As far as practicality went, I was actually quite pleased with my costume. When I initially envisioned dressing as a princess I had not considered the extra work involved. Not only were the dresses more cumbersome than Jessie’s pants and vest, but the princesses actually had to put effort into their hair and make-up. It probably worked out for the best to leave those roles to the gals who actually enjoyed or excelled in that area. Also, for the princesses to ‘sparkle’ they seemed to have to wear copious amounts of body glitter and that stuff gets on everything. I didn’t need to sparkle for days to come. The costumes with masks or head coverings seemed a bit enticing as well since they can be low effort to don and limit the amount of acting/speaking you have to do, but then you run into issues of difficulty seeing (as evidenced by Sir Donald and Beast).

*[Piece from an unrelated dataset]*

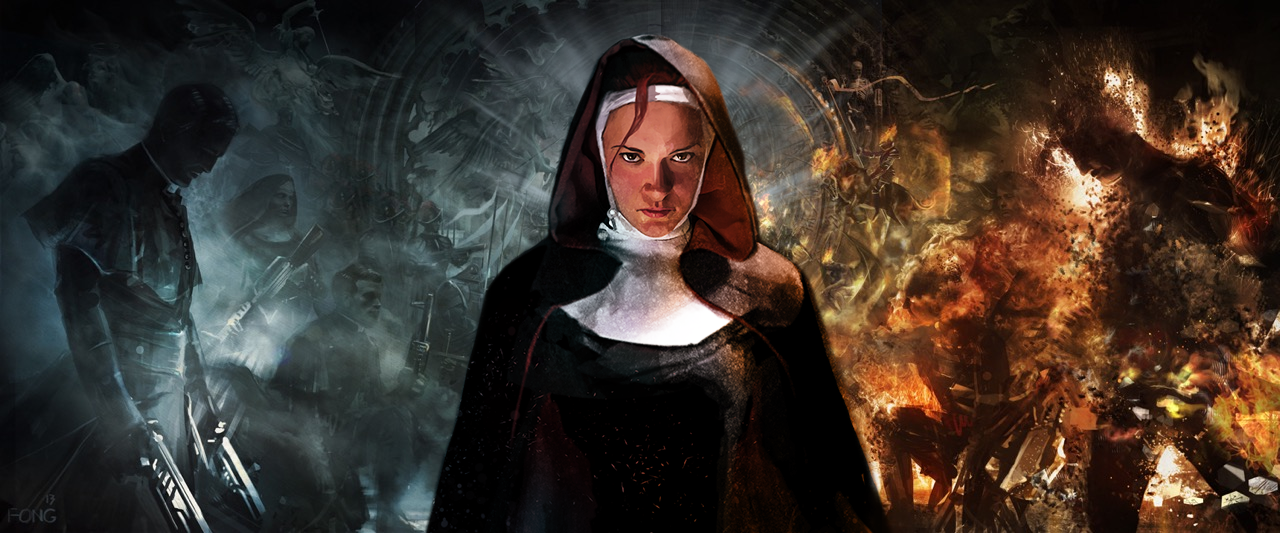 Warrior Nun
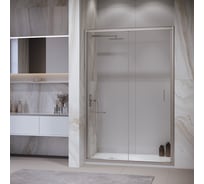 Душевая дверь RGW 100*190 PA-21 Хром/Прозрачное/5 мм, 990-1020, Easy Clean 06082110-11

The organizers gave us signature cards to pass out to the kids so they could collect them from all the characters if they wanted to. I guess in years past they had each volunteer practice their character’s actual signature (because of course, that’s a thing) and then hand-write them for each kid but evidently they had some copyright issues or something with that. Anyway, there were a handful of little girls that perhaps recalled those days, or were encouraged by their mothers, and instead of taking our signature cards handed us little notepads with a sparkling pen so that we could give them a genuine autograph. The first time I tried to fancily sign Jessie I realized my cursive was way out of practice so by the second notepad I switched to a standard print dotting the ‘i’ in her name with a little heart. This looked way better, I was just hoping the first little girl didn’t compared her signatures with the others. I feel like she probably did. These little girls looked like the types that could sniff out a Disney fraud.

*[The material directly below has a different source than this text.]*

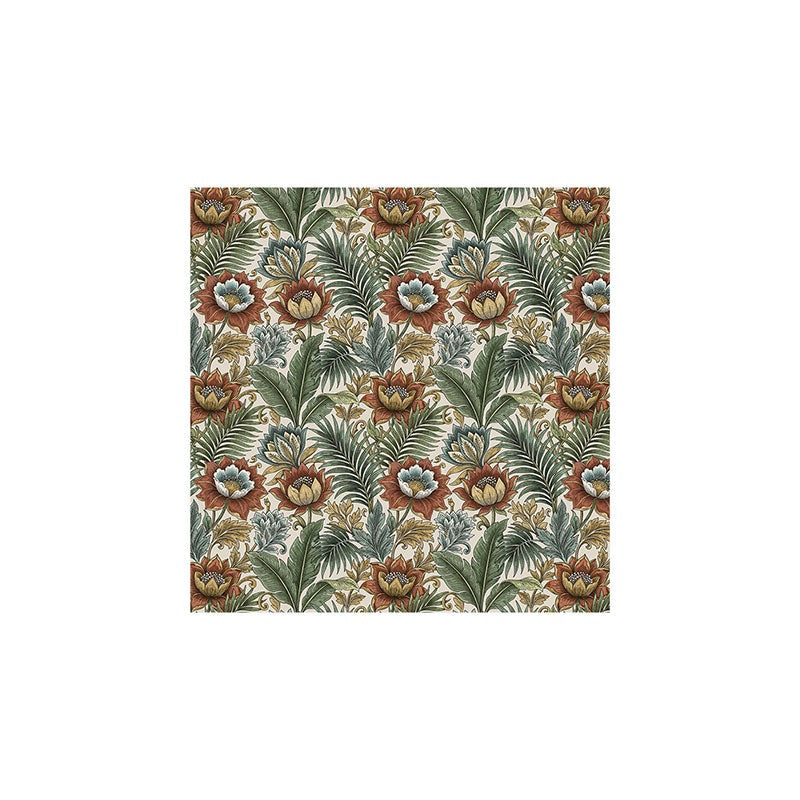 Marta Barragan Camarasa Retro Jungle Garden Art Print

So the kids and families flocked to us for at least another hour. Some kids were genuinely thrilled to meet and take pictures with us, some seemed to be there more to appease their parents, and some were just overwhelmed by the whole situation and ready to go home. We’d introduce ourselves as kids came up, then pose for a picture with them and hand them a signature card. About 10% of the time I would inexplicably change Jessie’s name to Annie and introduce myself as such, in which case Jeff would promptly mumble to me, “It’s Jessie” and I’d think to myself, “What did I just say?”
Jeff was definitely more into his character than I was. He excited some kids with his spot-on Buzz impersonations but confused others by mimicking his self-absorbed personality and threatening to laser potential threats with his wrist band. One Mom actually came back and requested that he say Buzz’s famous line, to which he boldly pronounced, “To infinity and beyond” as she squealed with delight. I, on the other hand, was just happy when I managed to introduce myself by my character’s correct name. We all have different strengths…
Eventually the kids began to thin out and they called all the character volunteers up on stage for a joint photo op and to wave goodbye to the tune of Mickey Mouse Club’s “Now it’s time to say goodbye” (of course). By that point I had long been sympathizing with Tour Guide Barbie at the end of Toy Story 2. My cheeks were killing me! There is a thing as too much smiling. It’s not natural.
Anyways, it was a fun event. It probably didn’t warrant this long of a summary (or any really), but I couldn’t help myself. So there you have it. You’re welcome world.